Há outro representante dessa categoria – aquele que está dentro de uma bolha (digital ou não) e não recicla suas opiniões. Quando escuta algo diferente e que pode ser um questionamento de sua visão de mundo, surta e usa todo a agressividade verbal possível para fazer valer seu ponto de vista.

Por fim, temos aquele que é insuflado pelos grupos e se acostumou a ter a última palavra sobre tudo. Neste caso específico, os outros só servem para adular o ego dos professores de Deus e não têm permissão para falar – a não ser que seja para concordar.

Esses três tipos de sabe-tudo possuem uma característica em comum: acham que têm um conhecimento profundo em todos os assuntos comentados pela sociedade. Assim que surge um tema novo de discussão, o Google é acionado e essa ferramenta vira uma espécie de oráculo portátil. O dono da verdade especializado em tudo se manifesta em qualquer assunto: concentração de pessoas em uma motociata, efeitos da Covid-19 (ainda nos estágios iniciais da pandemia), todos os artigos da Constituição brasileira — e por aí vai.

Os donos da verdade estão distribuídos em vários quadrantes da sociedade. Na política, economia ou mesmo pessoas fanáticas pelo Big Brother Brasil. A falta de humildade atinge igualmente todas as classes sociais.

Muitas vezes, o dono da verdade é um líder. E, nesta condição, influencia várias pessoas a partir de suas ideias. Com as redes sociais, essas opiniões são espalhadas de forma exponencial, aumentando sua autoridade e alimentando o círculo vicioso.

A esse grupo soma-se outro – o dos intransigentes. Seguidores fanáticos que têm conceitos e valores à prova de contestação. Adotam aquilo que seus mentores dizem como verdades absolutas e não admitem discussão. Ao contrário de muitos influenciadores cheios de soberba, não têm condições de sustentar um debate e partem logo para a agressão pura e simples.

Ao mesmo tempo, percebe-se a existência de uma facção silenciosa. São indivíduos que no universo digital se comportam como voyeurs das opiniões alheias e ficam ao largo das discussões. Mas, em várias situações no mundo real, querem perguntar e ouvir o que os outros têm a dizer.

Essas são pessoas que atualmente estão desanimadas com a discussão política. Têm receio de aderir ao pragmatismo que insufla as principais categorias e torcem em silêncio pela aparição de um nome de Terceira Via que possa fazer frente a Jair Bolsonaro e Luiz Inácio Lula da Silva – uma chance remota, que vai desaparecendo a cada dia que passa.

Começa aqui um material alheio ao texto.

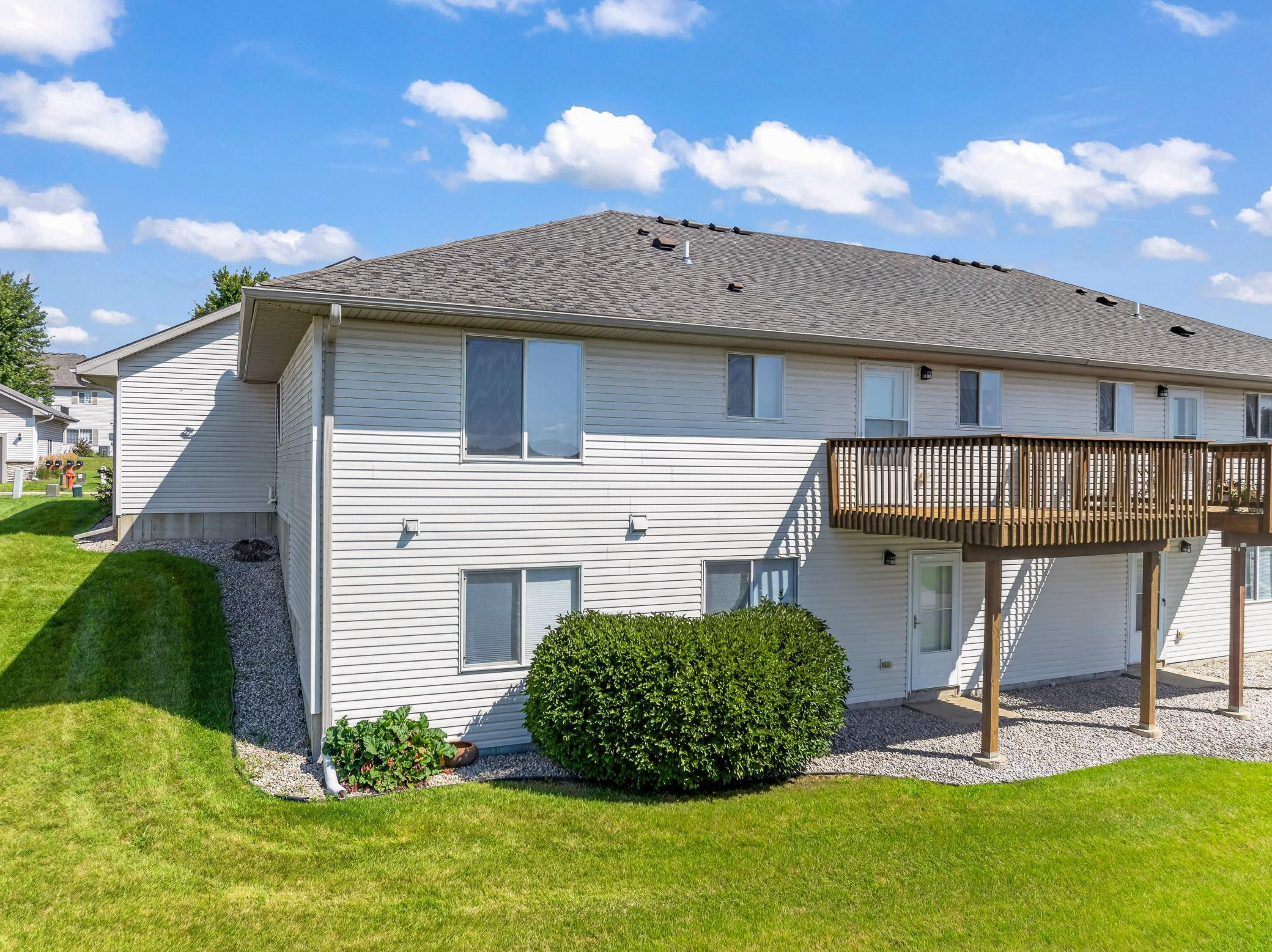 4528 Prairie View Place Northwest Rochester, MN 55901 - Photo 38 of 41 Gallery Image 38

Os cidadãos que não querem se expor nas redes e esperam uma alternativa eleitoral são, geralmente, moderados ou idealistas de Centro. Possuem todas as ferramentas necessárias para um bom debate político. Mas não querem ser chamados de petistas ou de bolsonaristas, dependendo do interlocutor. Assim, na dúvida, preferem ficar calados e deixar aplausos e apupos para os demais.

Voltando ao fenômeno dos donos da verdade: as redes sociais podem criar uma falsa sensação de consenso para muitos destes influenciadores cheios de si. Navegando apenas em seus lagos virtuais, podem se espantar com as opiniões de quem está singrando em outras águas. Em seus mundos particulares, esses influenciadores podem viver uma realidade que talvez não seja igual à maioria dos cidadãos. Arthur Schlesinger, um dos gurus do falecido presidente americano John Kennedy, acompanhava este tema desde os anos 1960. Ele dizia: “Aqueles que acham ter o monopólio da verdade sempre sentem que estão salvando o mundo enquanto destroçam os hereges”.

Este é o problema da soberba. Sempre vem acompanhada de uma agressividade fora do comum. Essa cólera, no entanto, foi turbinada e anabolizada desde que inventamos as redes sociais – e o pior é que ainda há mais espaço para que essa raiva descontrolada cresça nos próximos anos.